**What you should do:**
Nothing in the data may be altered; the answer is a verbatim copy of it.

**Extracted entries:**
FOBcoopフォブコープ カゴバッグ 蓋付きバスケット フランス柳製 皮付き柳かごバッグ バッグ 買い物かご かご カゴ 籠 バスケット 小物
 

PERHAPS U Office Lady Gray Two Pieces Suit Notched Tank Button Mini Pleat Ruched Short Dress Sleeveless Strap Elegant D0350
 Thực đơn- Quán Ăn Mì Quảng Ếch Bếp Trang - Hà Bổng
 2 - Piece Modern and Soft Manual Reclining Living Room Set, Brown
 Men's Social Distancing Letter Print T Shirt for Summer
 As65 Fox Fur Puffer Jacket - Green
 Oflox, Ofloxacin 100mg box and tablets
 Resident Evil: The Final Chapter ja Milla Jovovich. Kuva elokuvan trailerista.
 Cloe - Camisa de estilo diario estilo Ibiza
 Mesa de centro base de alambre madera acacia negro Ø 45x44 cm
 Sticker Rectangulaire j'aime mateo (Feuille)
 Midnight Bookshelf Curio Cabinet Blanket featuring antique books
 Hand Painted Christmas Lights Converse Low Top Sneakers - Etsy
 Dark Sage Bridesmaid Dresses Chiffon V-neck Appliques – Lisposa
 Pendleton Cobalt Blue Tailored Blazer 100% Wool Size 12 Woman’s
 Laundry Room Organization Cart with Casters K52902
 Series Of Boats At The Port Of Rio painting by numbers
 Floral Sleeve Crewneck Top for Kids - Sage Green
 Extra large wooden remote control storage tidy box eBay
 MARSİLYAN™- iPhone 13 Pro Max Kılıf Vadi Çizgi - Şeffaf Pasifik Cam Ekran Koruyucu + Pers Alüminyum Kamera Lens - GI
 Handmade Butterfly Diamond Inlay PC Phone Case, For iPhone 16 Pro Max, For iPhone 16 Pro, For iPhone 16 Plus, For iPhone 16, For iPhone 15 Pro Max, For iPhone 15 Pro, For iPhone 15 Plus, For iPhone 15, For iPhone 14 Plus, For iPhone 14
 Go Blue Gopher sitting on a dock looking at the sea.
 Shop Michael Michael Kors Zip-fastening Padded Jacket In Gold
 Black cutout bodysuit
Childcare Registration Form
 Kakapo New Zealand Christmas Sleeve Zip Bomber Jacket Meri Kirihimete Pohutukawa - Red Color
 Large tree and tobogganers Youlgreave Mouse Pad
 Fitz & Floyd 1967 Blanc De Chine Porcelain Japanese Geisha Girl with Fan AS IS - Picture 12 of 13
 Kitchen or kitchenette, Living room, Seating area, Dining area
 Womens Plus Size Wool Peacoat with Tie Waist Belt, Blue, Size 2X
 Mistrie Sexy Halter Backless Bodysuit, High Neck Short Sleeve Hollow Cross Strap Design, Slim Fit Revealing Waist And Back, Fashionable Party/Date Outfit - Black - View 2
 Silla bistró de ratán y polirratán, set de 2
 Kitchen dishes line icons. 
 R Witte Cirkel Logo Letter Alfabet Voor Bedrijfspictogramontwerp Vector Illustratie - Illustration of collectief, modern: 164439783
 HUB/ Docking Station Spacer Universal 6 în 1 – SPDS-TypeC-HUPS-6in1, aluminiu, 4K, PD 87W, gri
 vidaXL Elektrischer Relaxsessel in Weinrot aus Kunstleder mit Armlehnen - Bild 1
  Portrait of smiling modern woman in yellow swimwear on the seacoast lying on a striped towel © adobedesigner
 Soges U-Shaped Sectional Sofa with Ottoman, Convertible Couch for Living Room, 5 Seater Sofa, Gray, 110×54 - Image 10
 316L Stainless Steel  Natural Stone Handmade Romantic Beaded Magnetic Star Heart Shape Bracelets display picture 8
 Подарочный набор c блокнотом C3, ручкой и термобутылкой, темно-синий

**Reply:**
FOBcoopフォブコープ カゴバッグ 蓋付きバスケット フランス柳製 皮付き柳かごバッグ バッグ 買い物かご かご カゴ 籠 バスケット 小物
 

PERHAPS U Office Lady Gray Two Pieces Suit Notched Tank Button Mini Pleat Ruched Short Dress Sleeveless Strap Elegant D0350
 Thực đơn- Quán Ăn Mì Quảng Ếch Bếp Trang - Hà Bổng
 2 - Piece Modern and Soft Manual Reclining Living Room Set, Brown
 Men's Social Distancing Letter Print T Shirt for Summer
 As65 Fox Fur Puffer Jacket - Green
 Oflox, Ofloxacin 100mg box and tablets
 Resident Evil: The Final Chapter ja Milla Jovovich. Kuva elokuvan trailerista.
 Cloe - Camisa de estilo diario estilo Ibiza
 Mesa de centro base de alambre madera acacia negro Ø 45x44 cm
 Sticker Rectangulaire j'aime mateo (Feuille)
 Midnight Bookshelf Curio Cabinet Blanket featuring antique books
 Hand Painted Christmas Lights Converse Low Top Sneakers - Etsy
 Dark Sage Bridesmaid Dresses Chiffon V-neck Appliques – Lisposa
 Pendleton Cobalt Blue Tailored Blazer 100% Wool Size 12 Woman’s
 Laundry Room Organization Cart with Casters K52902
 Series Of Boats At The Port Of Rio painting by numbers
 Floral Sleeve Crewneck Top for Kids - Sage Green
 Extra large wooden remote control storage tidy box eBay
 MARSİLYAN™- iPhone 13 Pro Max Kılıf Vadi Çizgi - Şeffaf Pasifik Cam Ekran Koruyucu + Pers Alüminyum Kamera Lens - GI
 Handmade Butterfly Diamond Inlay PC Phone Case, For iPhone 16 Pro Max, For iPhone 16 Pro, For iPhone 16 Plus, For iPhone 16, For iPhone 15 Pro Max, For iPhone 15 Pro, For iPhone 15 Plus, For iPhone 15, For iPhone 14 Plus, For iPhone 14
 Go Blue Gopher sitting on a dock looking at the sea.
 Shop Michael Michael Kors Zip-fastening Padded Jacket In Gold
 Black cutout bodysuit
Childcare Registration Form
 Kakapo New Zealand Christmas Sleeve Zip Bomber Jacket Meri Kirihimete Pohutukawa - Red Color
 Large tree and tobogganers Youlgreave Mouse Pad
 Fitz & Floyd 1967 Blanc De Chine Porcelain Japanese Geisha Girl with Fan AS IS - Picture 12 of 13
 Kitchen or kitchenette, Living room, Seating area, Dining area
 Womens Plus Size Wool Peacoat with Tie Waist Belt, Blue, Size 2X
 Mistrie Sexy Halter Backless Bodysuit, High Neck Short Sleeve Hollow Cross Strap Design, Slim Fit Revealing Waist And Back, Fashionable Party/Date Outfit - Black - View 2
 Silla bistró de ratán y polirratán, set de 2
 Kitchen dishes line icons. 
 R Witte Cirkel Logo Letter Alfabet Voor Bedrijfspictogramontwerp Vector Illustratie - Illustration of collectief, modern: 164439783
 HUB/ Docking Station Spacer Universal 6 în 1 – SPDS-TypeC-HUPS-6in1, aluminiu, 4K, PD 87W, gri
 vidaXL Elektrischer Relaxsessel in Weinrot aus Kunstleder mit Armlehnen - Bild 1
  Portrait of smiling modern woman in yellow swimwear on the seacoast lying on a striped towel © adobedesigner
 Soges U-Shaped Sectional Sofa with Ottoman, Convertible Couch for Living Room, 5 Seater Sofa, Gray, 110×54 - Image 10
 316L Stainless Steel  Natural Stone Handmade Romantic Beaded Magnetic Star Heart Shape Bracelets display picture 8
 Подарочный набор c блокнотом C3, ручкой и термобутылкой, темно-синий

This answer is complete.